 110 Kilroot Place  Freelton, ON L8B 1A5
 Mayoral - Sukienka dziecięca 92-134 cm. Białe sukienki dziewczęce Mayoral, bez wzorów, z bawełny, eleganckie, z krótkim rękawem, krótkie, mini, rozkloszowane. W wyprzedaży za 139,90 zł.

┄┄┄┄┄┄┄┄┄┄

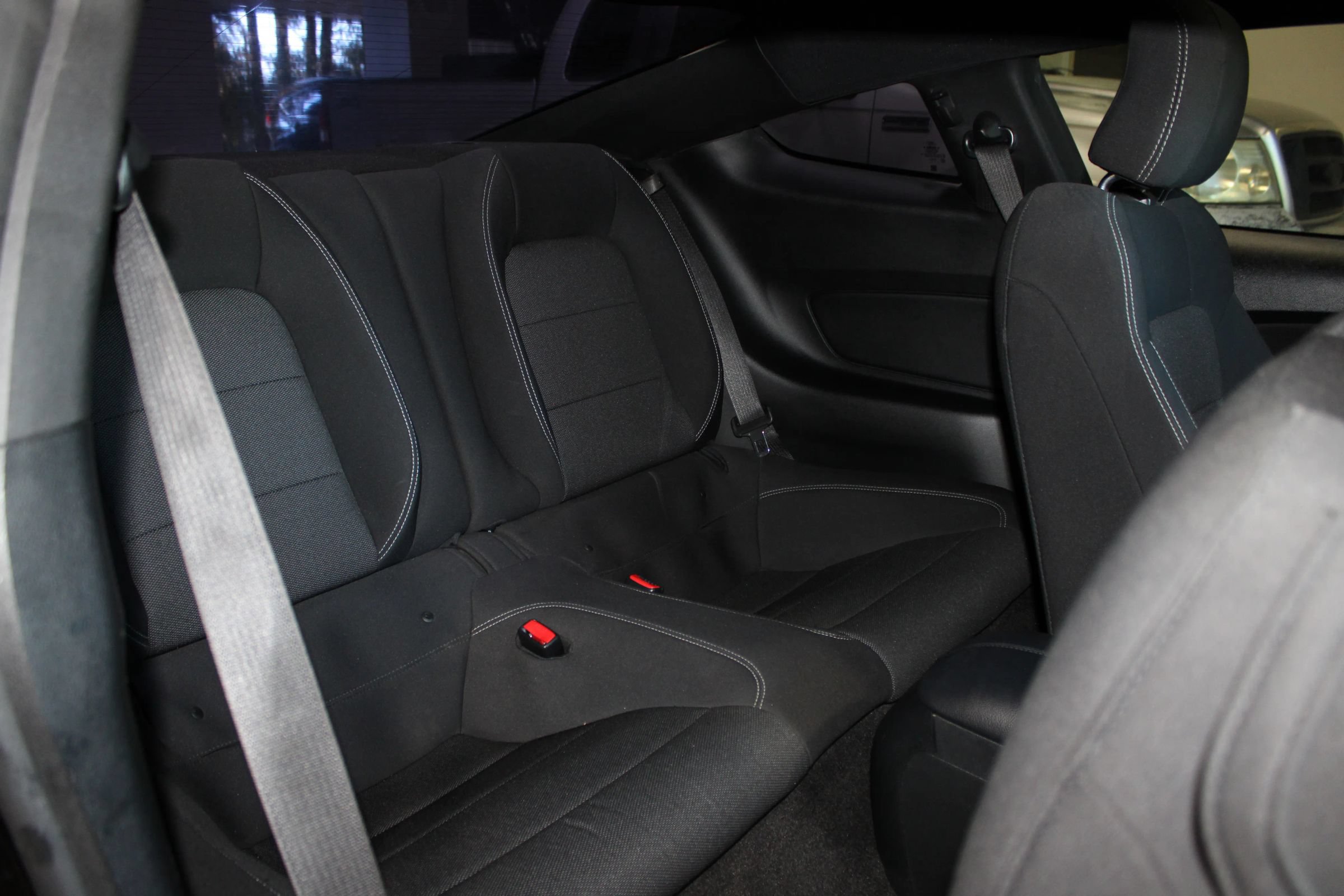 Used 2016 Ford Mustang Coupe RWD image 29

┄┄┄┄┄┄┄┄┄┄

## About this task
Repeat, character for character, the lines of the material above from the line with "110 Kilroot Place" through the line with "Mayoral - Sukienka".

## Solution below
 110 Kilroot Place  Freelton, ON L8B 1A5
 Mayoral - Sukienka dziecięca 92-134 cm. Białe sukienki dziewczęce Mayoral, bez wzorów, z bawełny, eleganckie, z krótkim rękawem, krótkie, mini, rozkloszowane. W wyprzedaży za 139,90 zł.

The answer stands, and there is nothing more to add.